Поклонившись до земли новопреставленной, казначея удалилась делать нужные распоряжения о похоронах, а другие сестры с рыданиями начали ее омывать и одевать, причем в келии ощущался особенный приятный запах, как будто от духов, хотя ни у кого их не было.
Погребение
Анна Герасимовна вспоминала: «Убрали блаженную в беленькую рубашку, в сарафан, положили большой серый шерстяной платок на плечи, повязали голову белым шелковым платочком — одним словом, нарядили так, как она и при земной жизни своей наряжалась. А так как она любила цветы, то в правую ее руку дали ей букет цветов, на левую надели шелковые черные четки, потому что батюшка Серафим, благословляя ее на подвиг юродства Христа ради, сам дал ей четки.

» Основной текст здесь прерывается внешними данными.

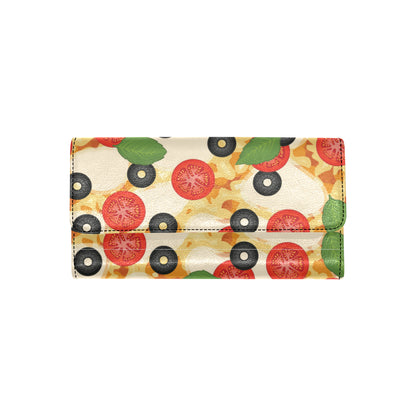 Pizza Pattern Print Design A05 Women's Trifold Wallet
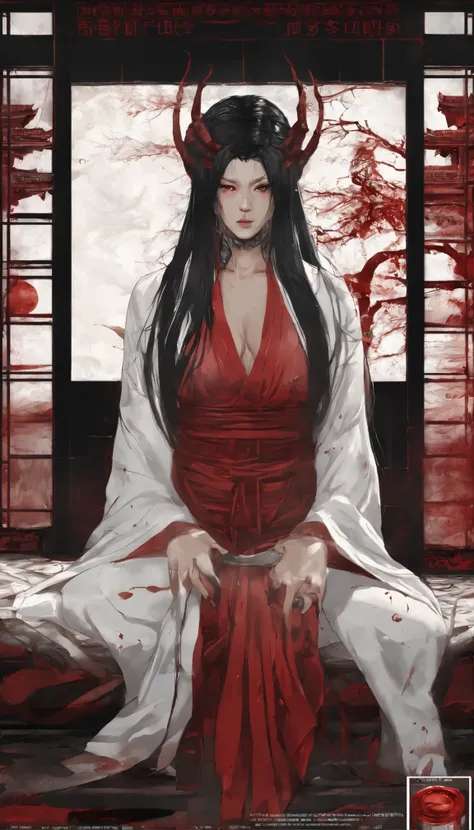 Blood Red Room, White TV screen flashing, Buddha statue, long black hair, messy hair, Cover one eye and face, bright red eyes, Wearing a white transparent robe, Looming breast augmentation,alcohol,devil， reach out，straighten the body, Red nails are exposed...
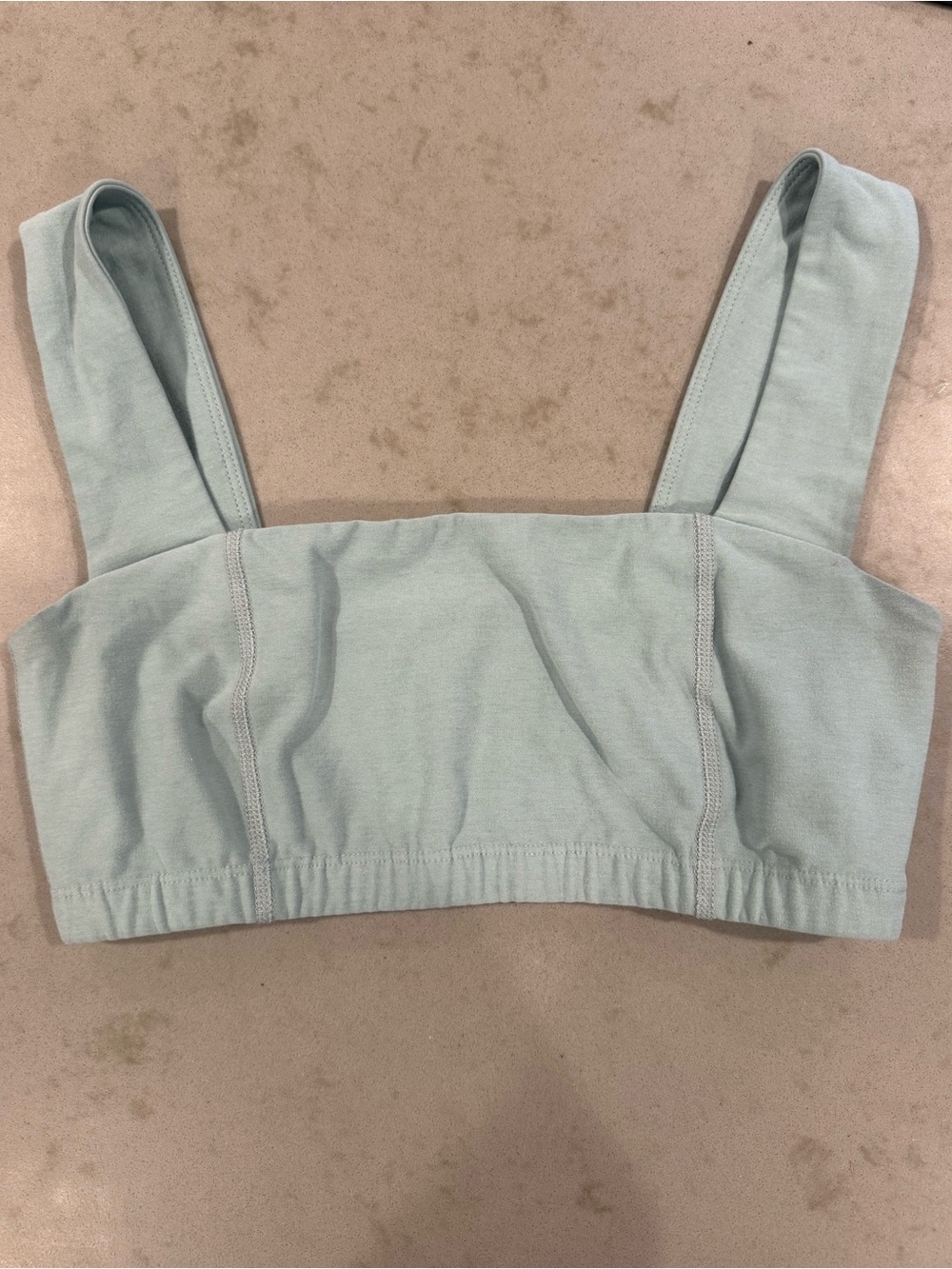 Beyond Yoga Light Sage Square-Neck Bralette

Лишь только убрали ее совсем, ударили в большой колокол, и так как это было в два часа ночи, то колокольный звон напугал многих сестер: думали, не пожар ли. Блаженная Паша Саровская, приютившаяся в то время у нас, сказала: “Какой пожар? Вот глянуло солнышко, ну снежок-то и растаял; теперь в обители-то у вас темно будет”.
Так и стояла Пелагия Ивановна три дня в крошечной, тесной келейке своей. Здесь битком был набит народ, ни на минутку не выходивший; здесь все время зажигались и горели свечи, непрестанно совершались панихиды, и вследствие того жара была нестерпимая, и, несмотря на все это, она лежала во гробе, моя красавица, точно живая, точно вся просветлевшая».
За девять лет до смерти блаженной Пелагии Ивановны, в 1875 году, когда собор во имя Святой Троицы был совсем готов к освящению и только ожидали приезда Владыки Иоанникия, который был тогда епископом Нижегородским, а впоследствии митрополитом Московским, блаженная Пелагия Ивановна однажды вошла в собор, оглядела в нем все и на вопрос сестры Елены Николаевны Анненковой (впоследствии матери благочинной, на которую было возложено устроение и благоукрашение собора): «Скажи, матушка, все ли так и все ли в порядке, и не забыла ли я чего?» — ответила: «Все хорошо, все так. А вот местечка-то мне не приготовила». Это весьма озаботило матушку Елену. Но вот прошло благополучно и освящение, а слова эти так и остались без исполнения.
Прошло пять лет. В 1880 году Пелагия Ивановна, уже никуда не выходившая из своей келии, однажды совершенно неожиданно пришла в игуменские комнаты, легла на кровать матушки, охала и металась, как больная (чем предсказывала почти полугодовую болезнь, которая вскоре постигла матушку), а потом, сходя с матушкиного крыльца, обняла Елену Николаевну и пошла вместе с ней по направлению к собору. Проходя мимо корпуса монахинь, говорила, что надо построже держать их. Потом подошли они к боковой северной паперти собора и остановились:
— Я у тебя усну, — сказала Пелагия Ивановна матери Елене.